Visualizing LSTM Networks. Part I.
Australian sign language model visualization.
Long-Short Term Memory networks are state-of-the-art tools for long sequence modeling. However, there is a problem with understanding what they have learned and investigating why they are making particular mistakes. Many articles and papers do it for convolutional neural networks, but for LSTM we do not have many tools to look inside and debug them.
In this article we try to partially fill this gap. We visualize LSTM network activations from Australian sign language (Auslan) sign classifying model. We do this by training a denoising autoencoder on LSTM layer activations. We use dense autoencoders to project 100-dimensional vector of LSTM activations to 2- and 3-dimensions. Thanks to that we can explore activations space visually to some extent.
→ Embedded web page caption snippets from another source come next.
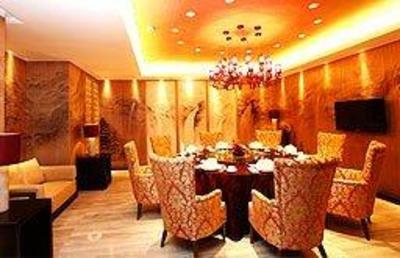 фото отеля Chalong International Hotel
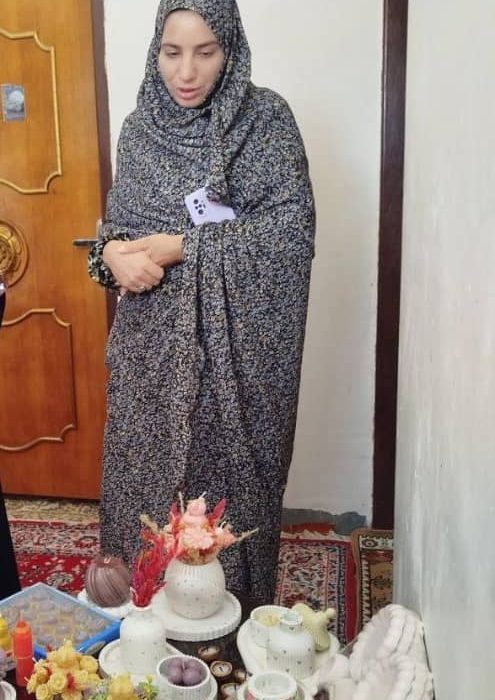 مسیر کارآفرینی راضیه عزیزی از آموزش سنگ مصنوعی تا تدریس؛ از هفت‌سین عید تا فروش مجازی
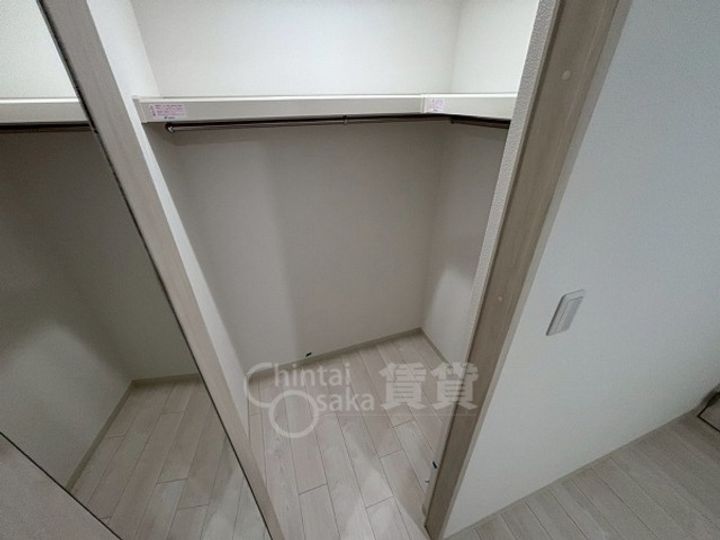 大阪府摂津市一津屋1丁目の賃貸アパートの内装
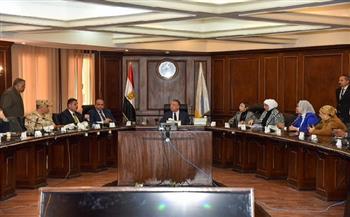 محافظ الإسكندرية يتابع سير عملية الانتخابات الرئاسية في يومها الأول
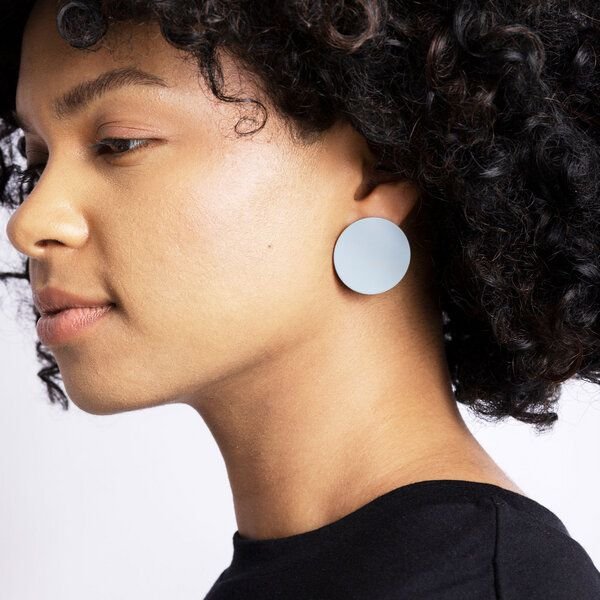 ALEXASCHA Runde Statement Ohrringe aus Titanzink | 30mm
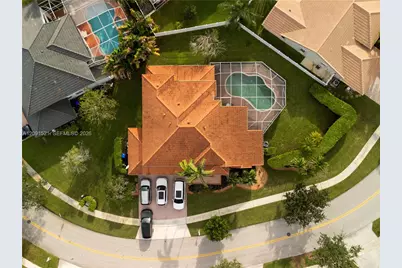 17930 NW 13th St, Pembroke Pines, FL 33029 - Photo 1
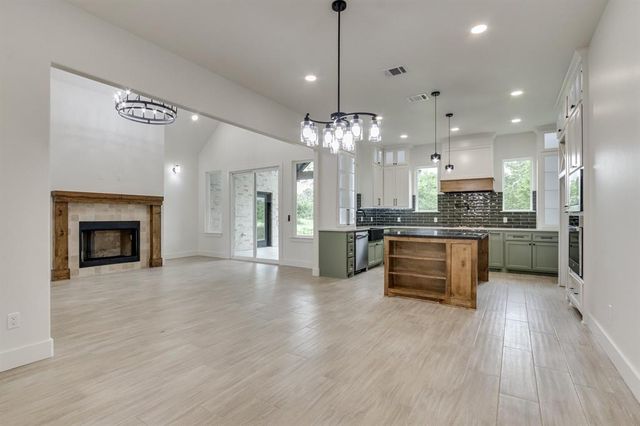 3024 Road Runner Court, Guthrie, OK 73044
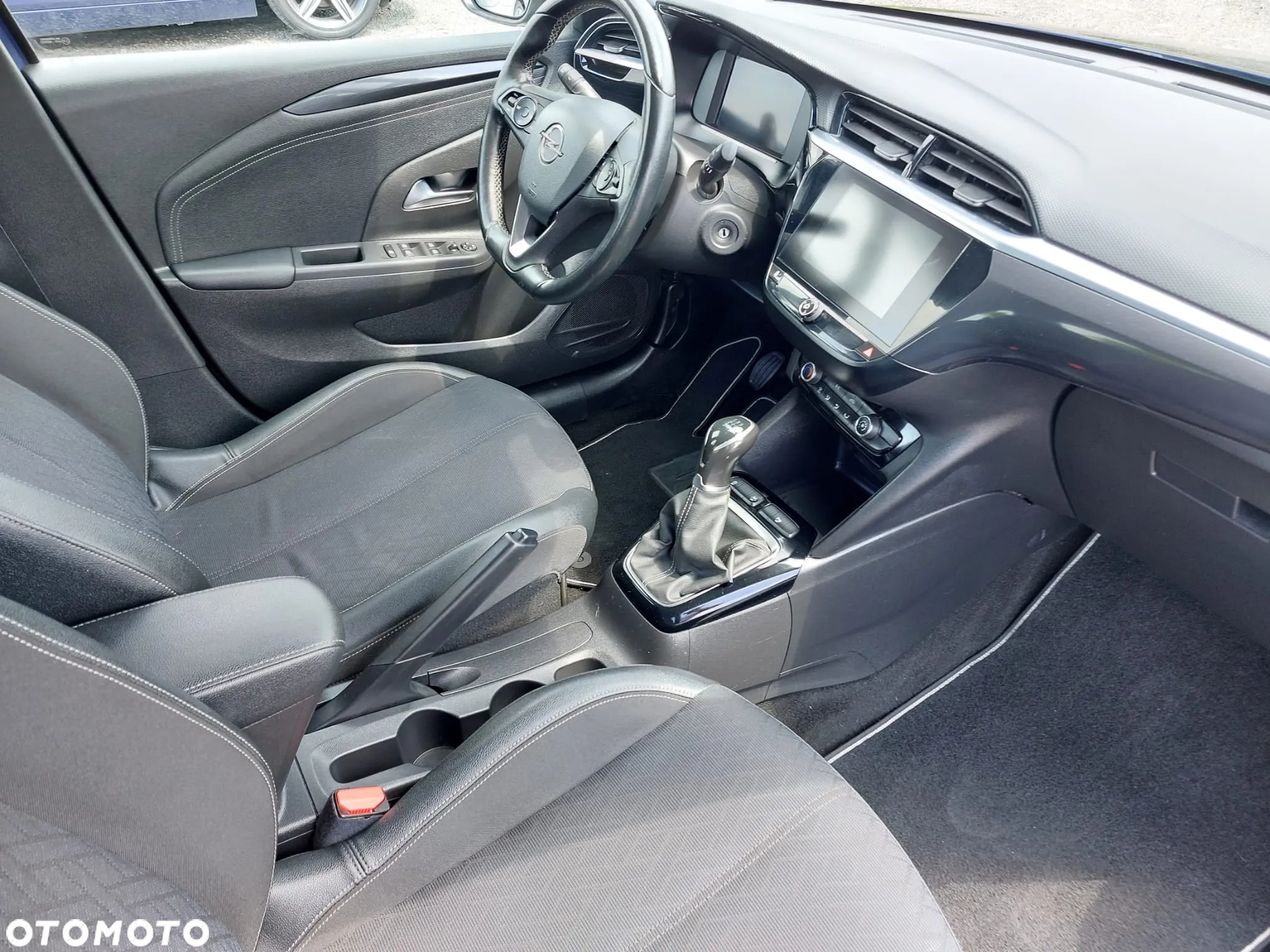 Opel Corsa 1.2 Elegance S&S - 14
We analyze this low dimensional space and try to find out how this dimensionality reduction can be helpful for finding relations between examples in the dataset.
Auslan sign classifier
This article is an extension of Miroslav Bartold’s engineering thesis (Bartołd, 2017). The dataset used in this thesis comes from (Kadous, 2002). The dataset consist of 95 Auslan signs, captured using a glove with high-quality position trackers. However, because there was a problem with data files for one of the signs, we were left with 94 classes. Each sign was performed 27 times by a native signer, and each time step was encoded using 22 numbers (11 per hand). The longest sequence in the dataset had a length of 137, but because long sequences were rare, we kept those with length up to 90, and padded shorter ones with zeros at the beginning. The dataset and its detailed description can be found here.
In his thesis, Miroslav tested several classifiers, all based on the LSTM architecture. Classification accuracy was around 96%. For people unfamiliar with the subject, there is a very good explanation of LSTM networks on Christopher Olah’s blog.
In this research we focused on a single architecture with one hidden layer of 100 LSTM units. Last classifying layer had 94 neurons. The input were 22-dimensional sequences of 90 time steps. We used the Keras functional API, and the networks architecture is presented in Figure 1.
The Lambda element shown in Figure 1 was used to extract the last activation from a full sequence of activations (since we passed
return_sequences=True to the LSTM). For implementation details we refer the Reader to our repository.
First attempt to understand the internals of the LSTM network
Inspired by (Karpathy, 2015) we wanted to localize some neurons responsible for sub-gestures easily recognizable by humans (and shared between different signs), like making a fist or drawing a circle with a hand. This approach has failed, because of five main reasons:
- The signal from position trackers is insufficient to fully reconstruct the motion of hands,
- The representation of gesture is very different in the space of trackers and in reality,
- We have only videos of gestures from http://www.auslan.org.au, and not videos of the actual executions of the signs in the dataset,
- Words in the dataset and on the videos on http://www.auslan.org.au can origin from different dialects. So it could be similar to comparing words like “underground” and “subway”,
- 100 neurons and 94 signs is a very large space to comprehend by a person.
Therefore, we focused only on visualization techniques in hope that they will help us to reveal some mysteries of the LSTM cell and the dataset.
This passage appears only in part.